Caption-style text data
((
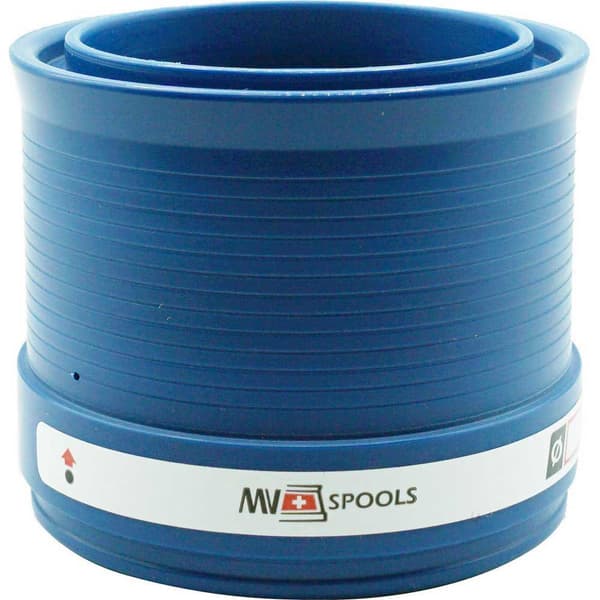 Mvspools Kilpailun Varakela Mvl14 Pom Sininen T1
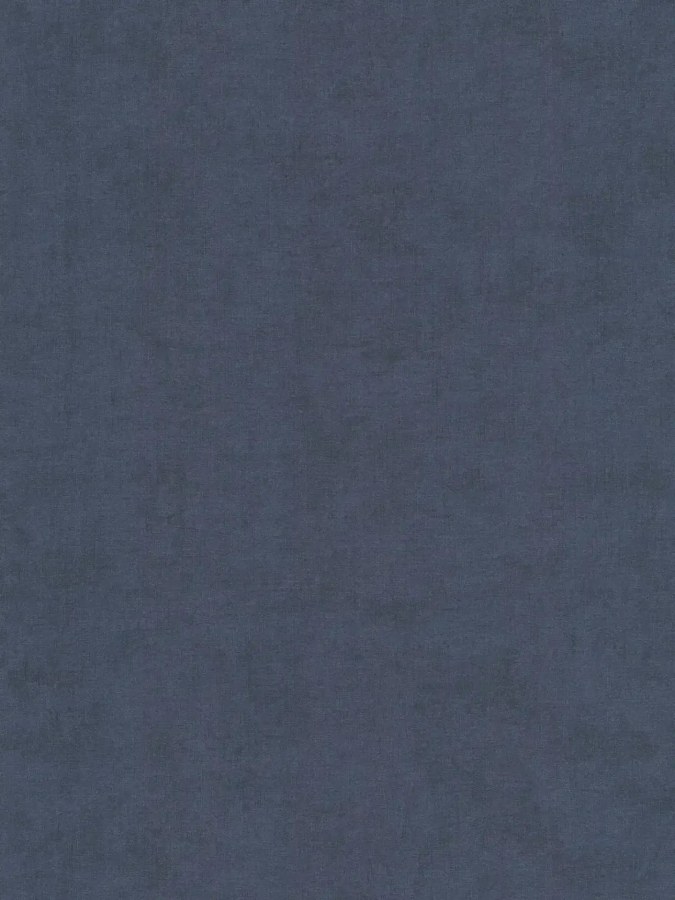 AS Création - Zidna flis tapeta Nordic Feeling 79152-8 Zidna flis tapeta Nordic Feeling 79152-8 - AS Création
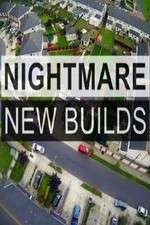 Watch Nightmare New Builds 9movies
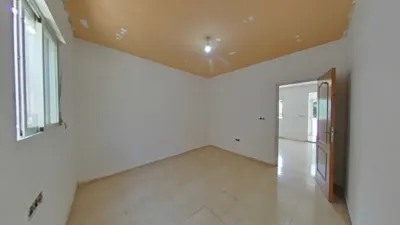 Terraced house on Calle Can Marceto photo 24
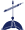 St. Luke's Episcopal Church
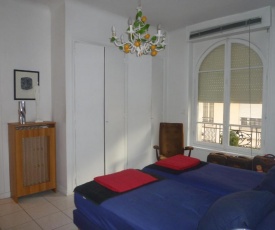 Le Montana DOR20 2 P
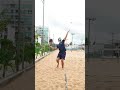 Encare o jogo com confiança com Sunnex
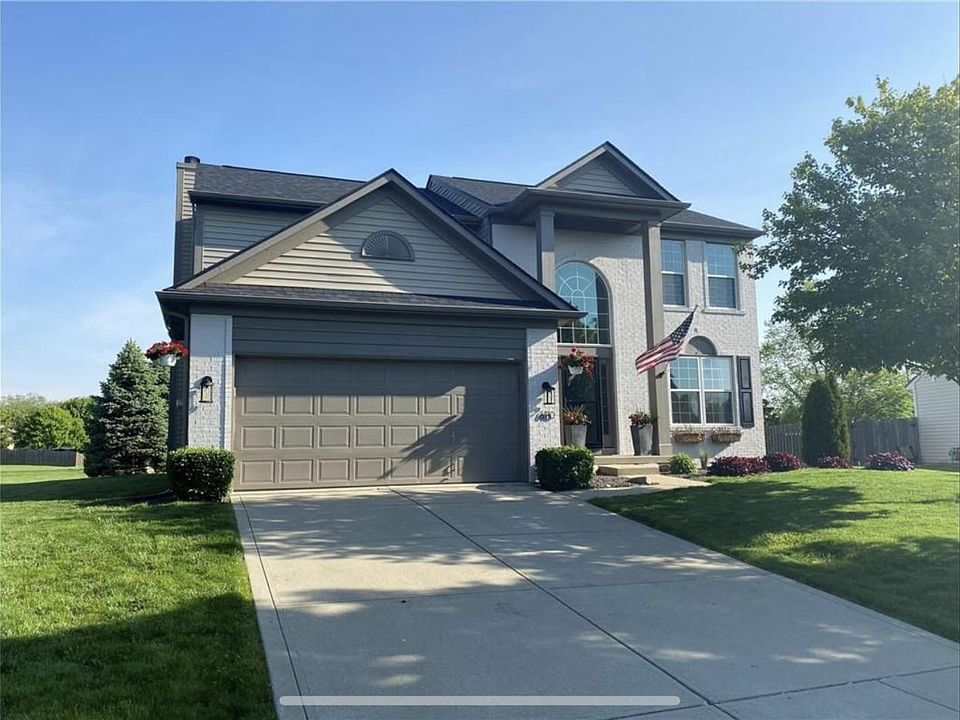 1st image of 6110 Dado Dr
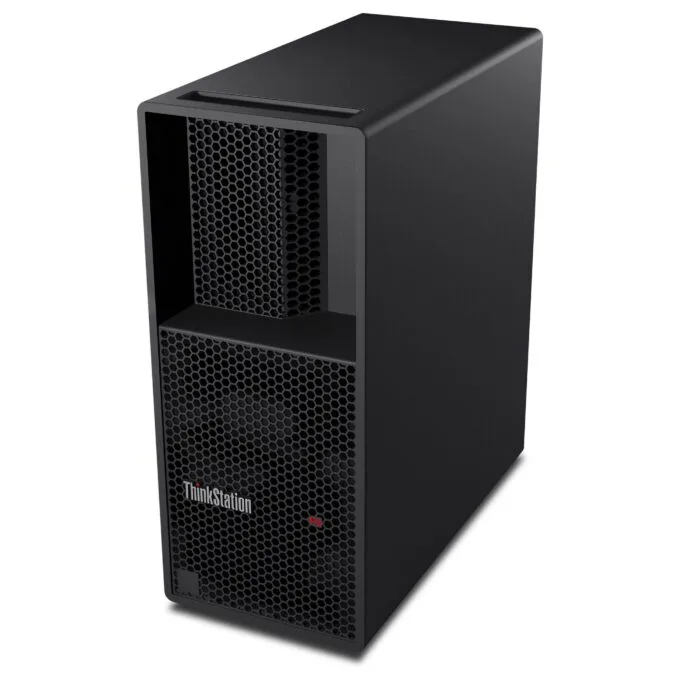 Lenovo ThinkStation P2 Tower G2 CU9 285K/256GB/2TBSSD/W11 Pro — image 5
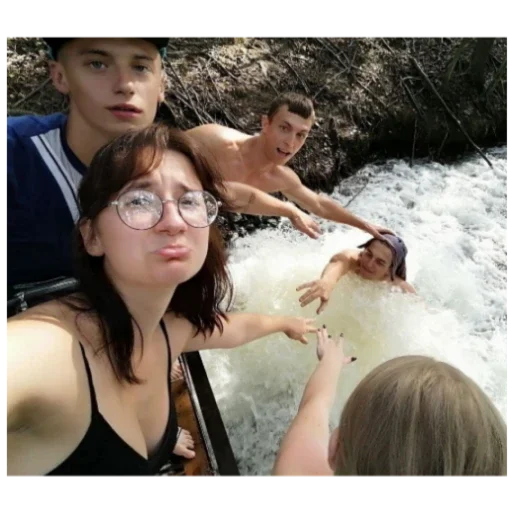 Стикер Що - 5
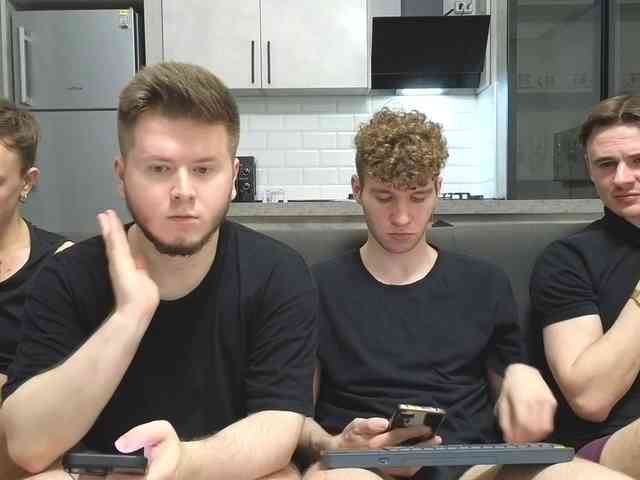 alexxx_d1
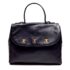 2547-Túi xách tay-Paloma Picasso handbag1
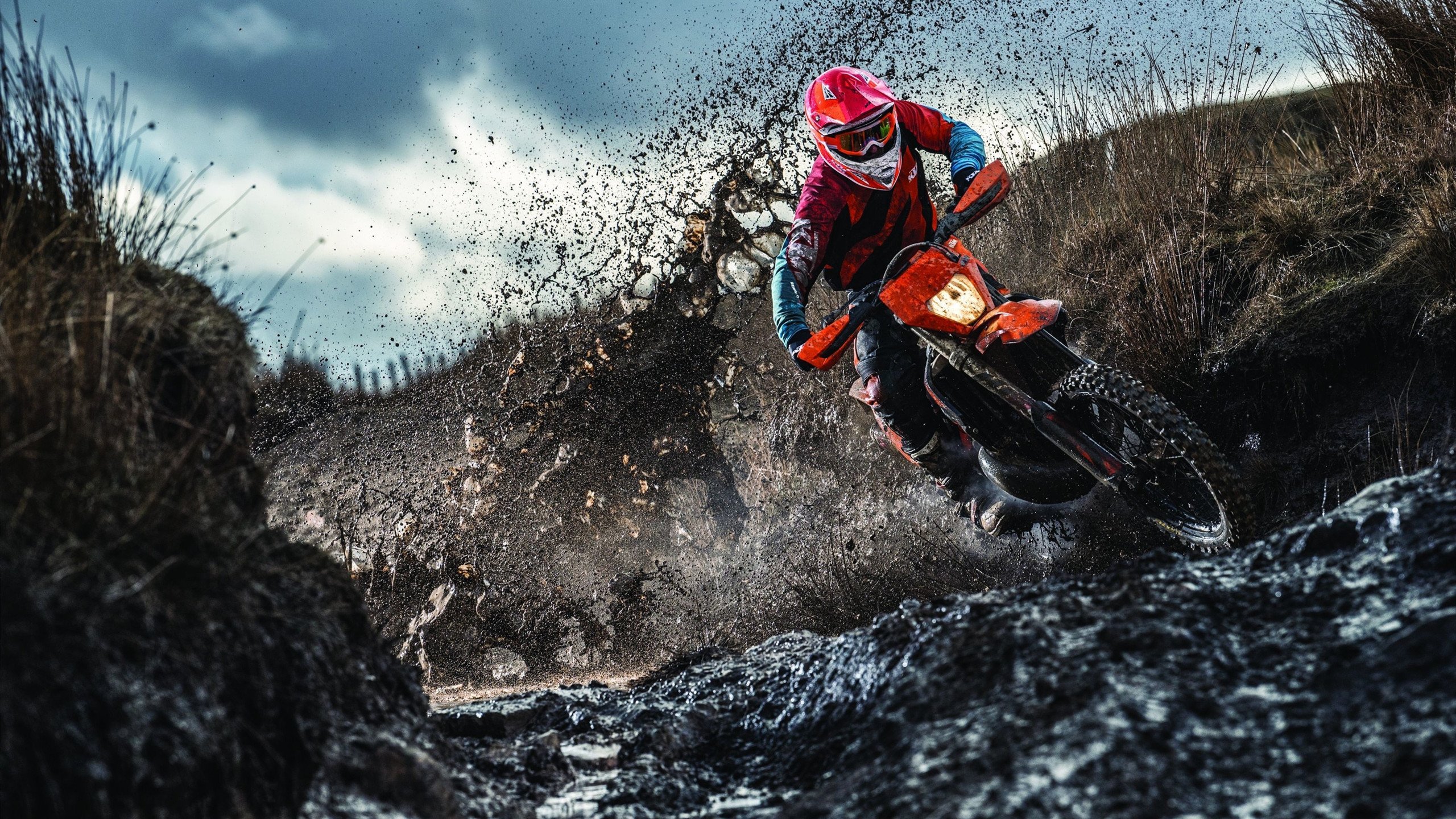 从绿茵场到赛道,当努涅斯在F1接管比赛,阿根廷如何血拼丹麦式精准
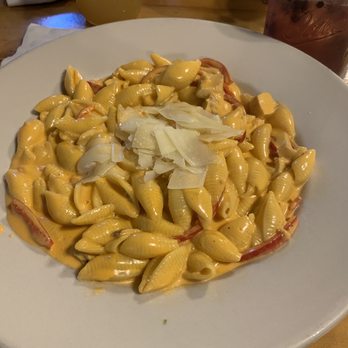 Side Street Cafe - American Near Me - Bar Harbor, Maine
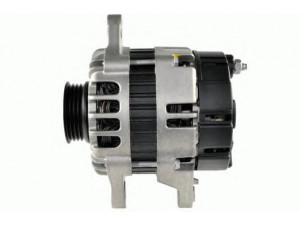 FRIESEN 9090423 kintamosios srovės generatorius 
 Elektros įranga -> Kint. sr. generatorius/dalys -> Kintamosios srovės generatorius
37300-02550, 37300-02551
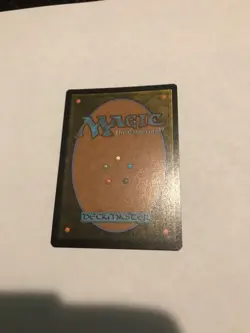 Spider-Gwen, Free Spirit: FOIL #0090 MTG Marvel's Spider-Man Magic The Gathering - Image 4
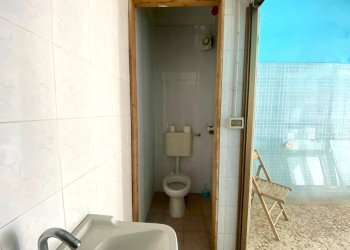 Locale Commerciale Via Pindemonte, Palermo - foto 8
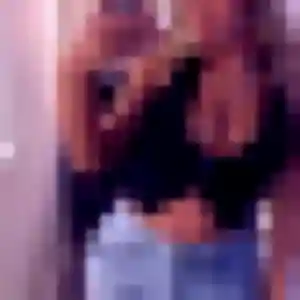 Photo de Josephine à Cruviers-Lascours (27 ans) - plan cul discret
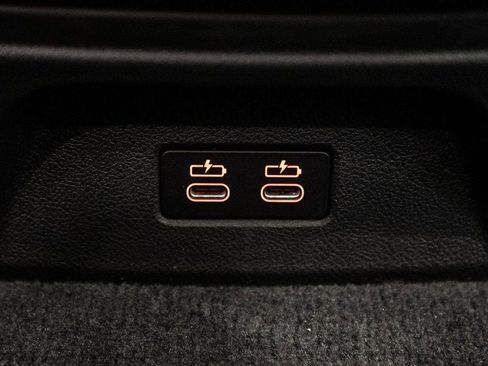 Used 2022 BMW X3 xDrive30i w/ Premium Package 2 (ZPA) image 34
))
## Work instruction
Only the wording of the records is wanted: copy it all exactly and omit the pictures.

## Exercise result
 Mvspools Kilpailun Varakela Mvl14 Pom Sininen T1
 AS Création - Zidna flis tapeta Nordic Feeling 79152-8 Zidna flis tapeta Nordic Feeling 79152-8 - AS Création
 Watch Nightmare New Builds 9movies
 Terraced house on Calle Can Marceto photo 24
 St. Luke's Episcopal Church
 Le Montana DOR20 2 P
 Encare o jogo com confiança com Sunnex
 1st image of 6110 Dado Dr
 Lenovo ThinkStation P2 Tower G2 CU9 285K/256GB/2TBSSD/W11 Pro — image 5
 Стикер Що - 5
 alexxx_d1
 2547-Túi xách tay-Paloma Picasso handbag1
 从绿茵场到赛道,当努涅斯在F1接管比赛,阿根廷如何血拼丹麦式精准
 Side Street Cafe - American Near Me - Bar Harbor, Maine
 FRIESEN 9090423 kintamosios srovės generatorius 
 Elektros įranga -> Kint. sr. generatorius/dalys -> Kintamosios srovės generatorius
37300-02550, 37300-02551
 Spider-Gwen, Free Spirit: FOIL #0090 MTG Marvel's Spider-Man Magic The Gathering - Image 4
 Locale Commerciale Via Pindemonte, Palermo - foto 8
 Photo de Josephine à Cruviers-Lascours (27 ans) - plan cul discret
 Used 2022 BMW X3 xDrive30i w/ Premium Package 2 (ZPA) image 34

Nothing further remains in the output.